El Ritmo de Los Shain’s et Los Yetis, tous les deux sortis en 1966, témoignent de l’émergence du rock en Amérique du Sud et plus précisément ici au Pérou et en Colombie. Les deux disques, des premiers essais, constituent des jalons de l’éclosion du rock dans leurs pays respectifs. Los Shain’s naissent à Lima au Pérou en 1963 influencés initialement par des groupes britanniques comme les Shadows ou les Beatles, tandis que los Yetis démarrent à Medellín, deux ans plus tard. Les deux groupes appartiennent à cette génération née dans le sillon des Beatles. Si Elvis fut un détonateur du rock, les quatre Britanniques se révélèrent en être les missionnaires les plus zélés. À n’en pas douter, le groupe de Liverpool a essaimé les formations beat à travers le monde et notamment dans le monde hispanique.

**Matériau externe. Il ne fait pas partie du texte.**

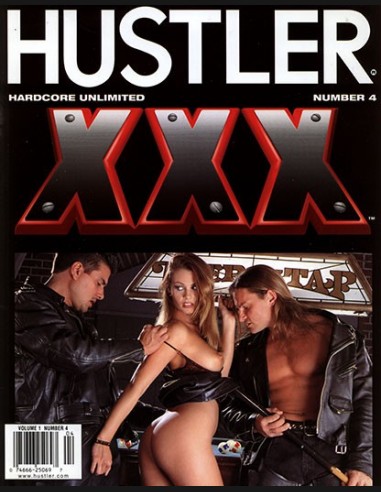 Hustler XXX No.04 © RamBooks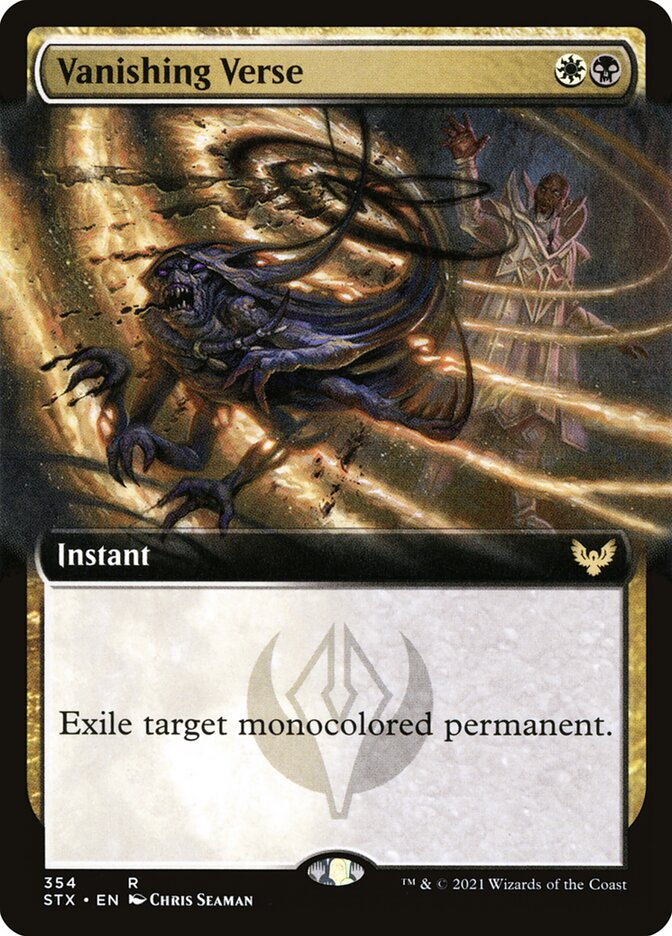 Vanishing Verse 354 (Strixhaven: School of Mages)  - Foil | Good Games Adelaide SA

L’ensemble des pays d’Amérique Latine découvre massivement les rythmes frénétiques du rock au milieu des années soixante. Bien sûr, il y eût des pionniers rock & roll, mais souvent sans commune mesure en terme de popularité avec les formations apparues quelques années plus tard. Nous retrouvons ainsi Los Shakers ou Los Mockers en Uruguay, Los Gatos Salvajes en Argentine, la Jovem Guarda au Brésil, Los Mac’s au Chili… Des formations plus ou moins passionnantes ; certaines offrent toutefois des albums qui seraient considérés comme cultes, si publiés par des groupes anglais ou nord-américains. Le répertoire est souvent, surtout sur les premiers long-jeux, emprunté aux tubes internationaux de l’époque. Une pratique commune et universelle, des yéyés français jusqu’à l’Australie.

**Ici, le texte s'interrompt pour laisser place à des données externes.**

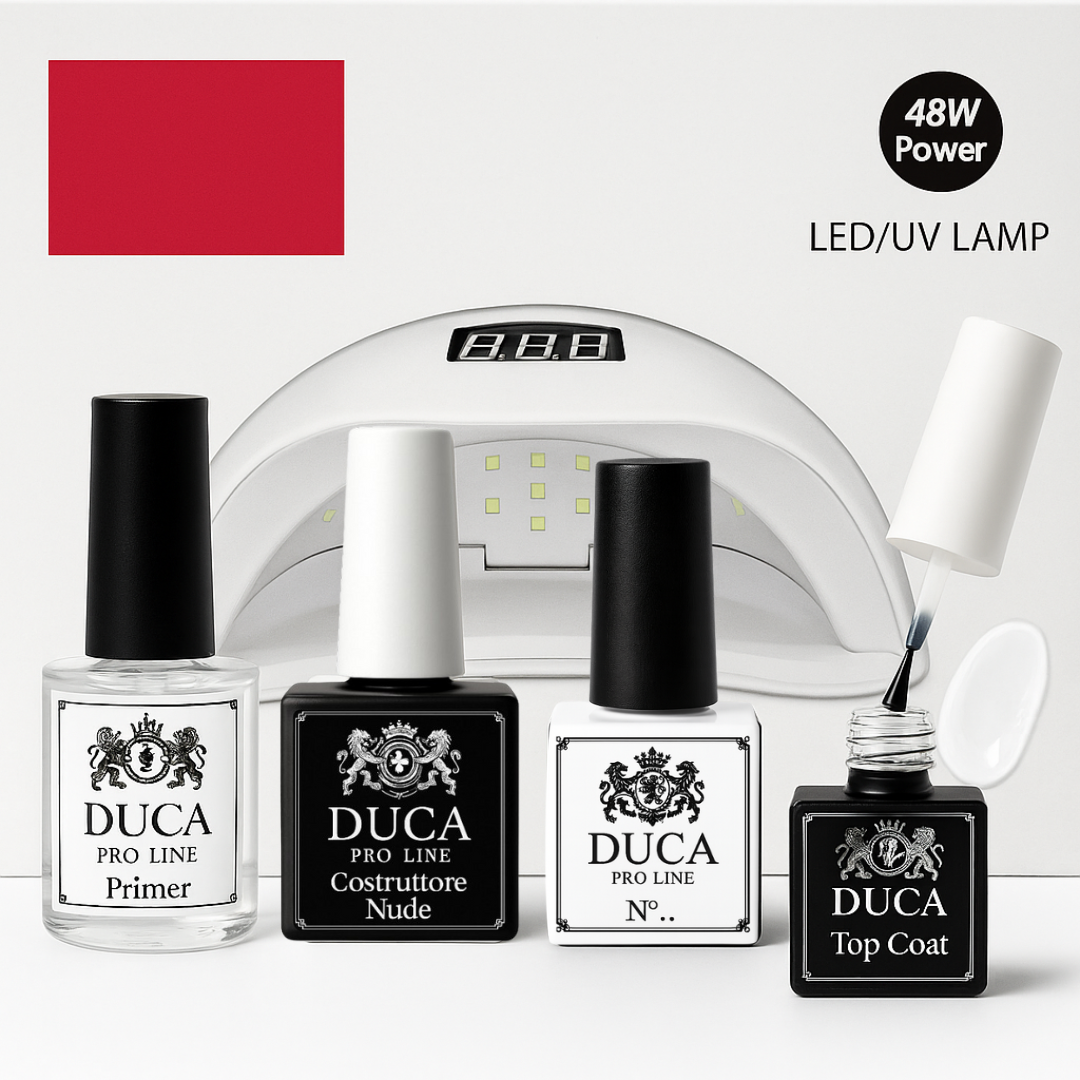 💅 MISTERY KIT "STRONG BASE EDITION" - DUCA NAILS EDITION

C’est évidemment le cas d’El Ritmo de los Shain’s et Los Yetis, constitués majoritairement de reprises. La cover n’a pas alors pas la mauvaise image qu’elle a souvent aujourd’hui. Il peut être même considéré comme puriste de ne reprendre que des standards blues par exemple. Exercice semé d’embûche, s’approprier la musique des autres conduit à de bonnes comme de mauvaises surprises. Les deux disques portent d’ailleurs en eux cette contradiction. Sur les morceaux plus pop et écrits, les groupes, au son amateur et garage, se cassent un peu les dents tandis qu’ils s’emparent avec sauvagerie de tubes plus directs. À ce petit jeu, l’album des Shain’s est particulièrement jouissif. Le choix des morceaux épouse le son du groupe et le rendu de l’ensemble brille par son énergie, sa vivacité et le manque total de retenu de l’ensemble. Le groupe a certes un peu de mal sur A taste of Honey ou Hang on Sloopy mais brille de mille feux sur une reprise hors de contrôle de Wooly Bully (Bule Bule), ou un croisement dément entre The Crusher des Novas et Out of Limits des Marketts (El Monstruo). La formation s’en sort même honorablement sur Secret Agent Man (un « bon » massacre en règle de ce petit classique de Johnny Rivers) ou Misirlou. Le disque condense une certaine idée du garage-rock sixties, et l’absence de professionnalisme sert ici le propos. Le groupe s’éclate et donne tout sans arrière pensée. Les quelques titres originaux sont excellents (notamment Shain’s a Gogo) et contribuent à faire de ce disque, un potentiel classique mineur du genre. S’il est difficile d’imaginer que les Cramps aient pu connaître Los Shain’s, il y a dans El Ritmo ce truc de série B magnifiée par des imperfections assumées et célébrées. Nous rapprocherons évidemment los Shain’s des excellents Saicos, autre groupe péruvien phénoménal, tout aussi féroce et brutal.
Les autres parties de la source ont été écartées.